# What Legion Could be Renamed Better



## ckcrawford (Feb 4, 2009)

I was wondering if you guys ever had any problems with the names of the Legions when you joined.

I've always had a problem with one name. At times I've been able to ignore it, but the image of it seems to sink into my head. Space Wolves... Space... Wolves... Really? Whenever I think of Space Wolves I always wonder why they were named like that. What I mean is, is it really necessary to put "Space" right before Wolves? I'm sorry but every time I use the legion's name "Space Wolves," I tend to think of a wolf inside an astronuat suit floating around space shooting aliens with lazer guns. This is of course not that case. Because of the Luna Wolves they are kind of forced to have something before "Wolves" but "space?" There must be a cooler word or name to put before Wolves. Maybe Wolves of Fenris, or etc.

Don't get me wrong, I think the legion (now chapter) is one of the most interesting and indeed one of my favorite. Just think it needs a name that it deserves.

You guys have problems with any other of the names?


----------



## Doelago (Nov 29, 2009)

ckcrawford said:


> You guys have problems with any other of the names?


Nope, they are fine as they are...


----------



## increaso (Jun 5, 2010)

If you try and explain the concept of space marines to a friend the name 'ultramarines' just sounds stupid. But also, i have some random gripe with space sharks for the same reason you are not keen on space wolves.

You have all these cool mock latin style names like adeptus astartes and ordos xenos and all this cool stuff and then some of the space marine legion/chapter names are a bit silly. Even most of the imperial guard regiments have names that fit more comfortably with the universe than some chapter/legion names.

That being said it's strange how quickly the names enter my vocab without be thinking of what the actual words mean (ultra-marines - wtf?).


----------



## D-A-C (Sep 21, 2010)

Ultramarines - Hate them and their name. Boring and generic although well painted they can look good. 

Iron Hands - Rubbish name, rubbish fluff, just plain bad.

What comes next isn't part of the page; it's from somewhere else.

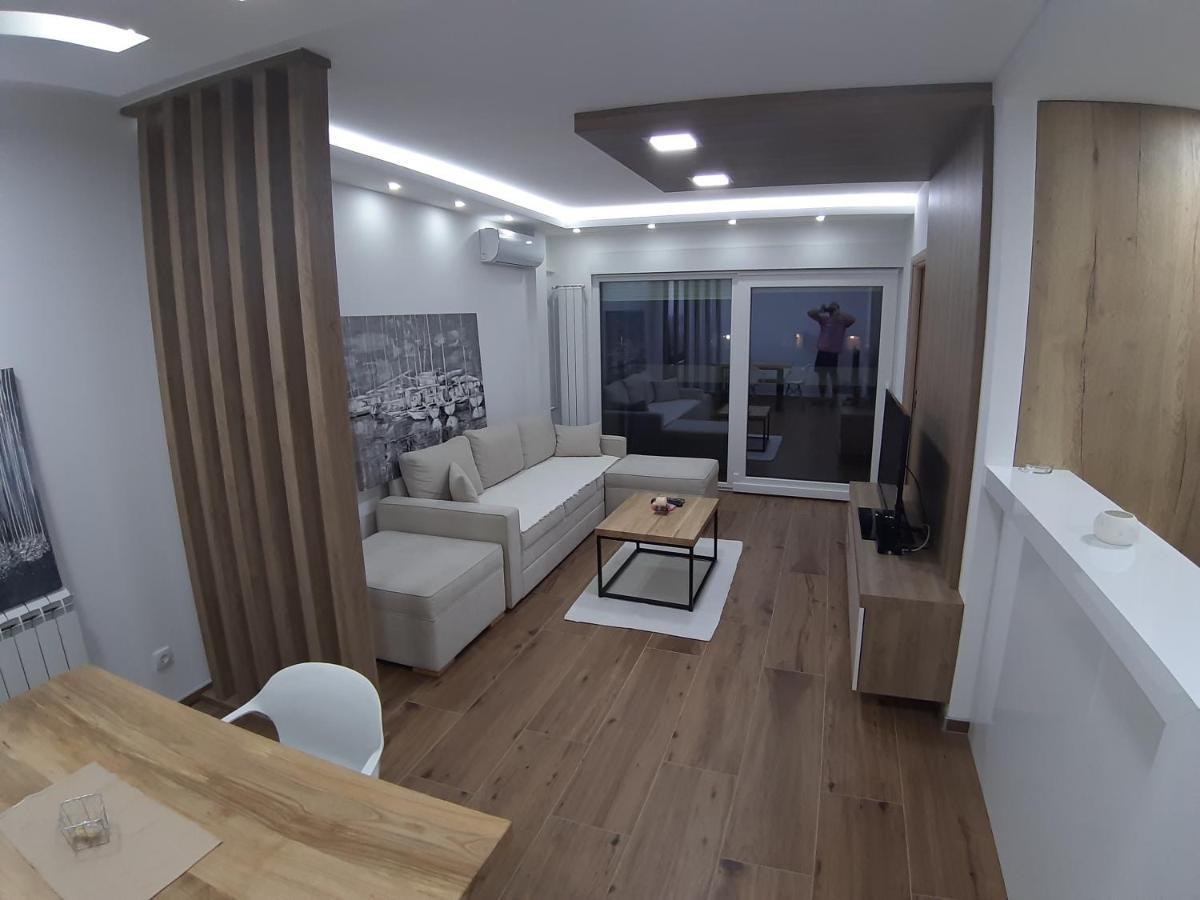 Serbian Home, Gandijeva 162 Beograd Ngoại thất bức ảnh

White Scars - Great Fluff, to match an above average name

Salamanders - At first I didn't like it, but it kind of grows on you once you know more about them. Plus it just gets better with use I think.

Emperors Children - People might disagree and think its a little silly, but I have a major soft spot for this legion and so the name is great in my book.

Word Bearers - Great Post-Heresy, kind of bad pre-heresy, they were supposed to be eliminating religion. (BTW Can't wait for first heretic by A D-B because how awesome is it to go around not believing in any Gods.....all the while they believe in you.....cue scary music, thats copyrighted now ) 

Death Guard - Awesome fluff, awesome name, get your finger out GW and get us Mortarians home planet story in a full HH novel by itself. 

Space Wolves - Hate the chapter and everything they stand for but they nabbed a good name here.

Night Lords - Everything about them is cool, I like the batwings, batman primarch is awesome, terror is awesome, and Nostromo is the ship from Alien, how cool are these guys. VERY k:

Thousand Sons - Bad name and not great fluff justification for it in the novel by the same name. Although it was otherwise a great book.

Iron Warriors - Pretty good, but I want to know more about these guys, they feel really one-dimensional

Blood Angels - Great name, great codex, fluff, colours, and their primarch is just the bees knees for everyone. Still got his ass handed to him by Horus though, although I bet they re-interpret that event as the most epic moment of triumph even though he failed.

Imperial Fists - I actually really like the name and fluff for these guys, although Dorn is beginning to come off a bit like a Tw..t in the recent book Nemesis

Raven Guard - Love the poem if thats what they are based on, other than that i'm not sold.

Dark Angels - I really liked both books about them (especially the first one, (yeah I said it) and I really like the name and their fluff/colours

World Eaters - When they give use fluff on these guys so everyone stops thinking they attack Land Raiders with their bare hands they will be good. Great name.

Alpha Legion - Ok name, but pretty amazing fluff, even if it won't ever be realised on the tabletop properly. Although they should be more chaos, not just misguided xeno puppets.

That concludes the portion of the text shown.